GUANGZHOU (AsiaNews): Thousands of workers at multinational companies have been on strike since November over dissatisfaction with a management decision to sell their facilities to local entrepreneurs.

The tensest situations are at Coca Cola, Danone and Sony. However, Apple, McDonald’s and Kentucky Fried Chicken are moving in the same direction.

At the Coca Cola factory the strike is still ongoing. The United States of America (US)-based franchise has decided to sell its bottling plants to a local partner.

The same problem exists at Danone, which wants to sell Robust Water in Guangzhou to a company in Shenzhen. Sony has also decided to sell its assembly plant in Guangdong to local entrepreneurs.

The China Labour Bulletin explains that the workers are concerned that the sales, of which they are often unaware, have an impact on their lives. The new owners often embark on restructuring, cutting jobs and lowering wages.

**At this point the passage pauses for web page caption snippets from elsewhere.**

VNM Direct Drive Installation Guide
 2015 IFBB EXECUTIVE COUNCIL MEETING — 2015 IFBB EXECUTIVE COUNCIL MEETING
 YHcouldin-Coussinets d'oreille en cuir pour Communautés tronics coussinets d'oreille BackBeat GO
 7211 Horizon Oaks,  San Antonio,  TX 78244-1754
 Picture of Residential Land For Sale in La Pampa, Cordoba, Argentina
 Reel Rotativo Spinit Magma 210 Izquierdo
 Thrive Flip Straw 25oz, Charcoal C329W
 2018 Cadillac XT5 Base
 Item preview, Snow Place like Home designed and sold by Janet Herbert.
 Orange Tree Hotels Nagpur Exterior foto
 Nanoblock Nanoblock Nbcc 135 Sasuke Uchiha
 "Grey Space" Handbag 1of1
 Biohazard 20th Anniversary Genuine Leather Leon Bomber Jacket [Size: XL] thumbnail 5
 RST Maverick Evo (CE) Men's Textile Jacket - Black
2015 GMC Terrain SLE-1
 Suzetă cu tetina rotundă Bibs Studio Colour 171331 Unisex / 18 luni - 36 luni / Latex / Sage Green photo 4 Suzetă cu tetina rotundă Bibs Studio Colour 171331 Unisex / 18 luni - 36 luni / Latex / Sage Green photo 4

They also fear that under local ownership, working conditions will deteriorate. Songbo Liu, a professor on labour issues at Renmin University, says that employees fear that the new Chinese employers will be less generous and more demanding than the multinational corporations.

The strike at Sony ended a few weeks ago. But on November 14 the police clashed with thousands of workers and many were wounded. Eleven workers were arrested.

Sony has paid 1,000 yuan ($1,250) to the workers to end the strike, but also fired dozens who are believed to be the leaders of the demonstrations. It all happened amid the silence of the official national union which approved the outcome as a victory.

At Danone, administrators refused to negotiate with the workers. After two weeks of strike action, police in riot gear entered the factory, injuring several workers. The company has laid off two of them.

Over the past five years, other large foreign groups have left China. Among them the giant US electronics firm, Best Buy; British supermarket, Tesco; and Marks & Spencer. They posit rising costs of labour and the economic slowdown as the reason.

But sometimes it is the strong competition from local firms which undercuts the foreign products in price and sometimes quality.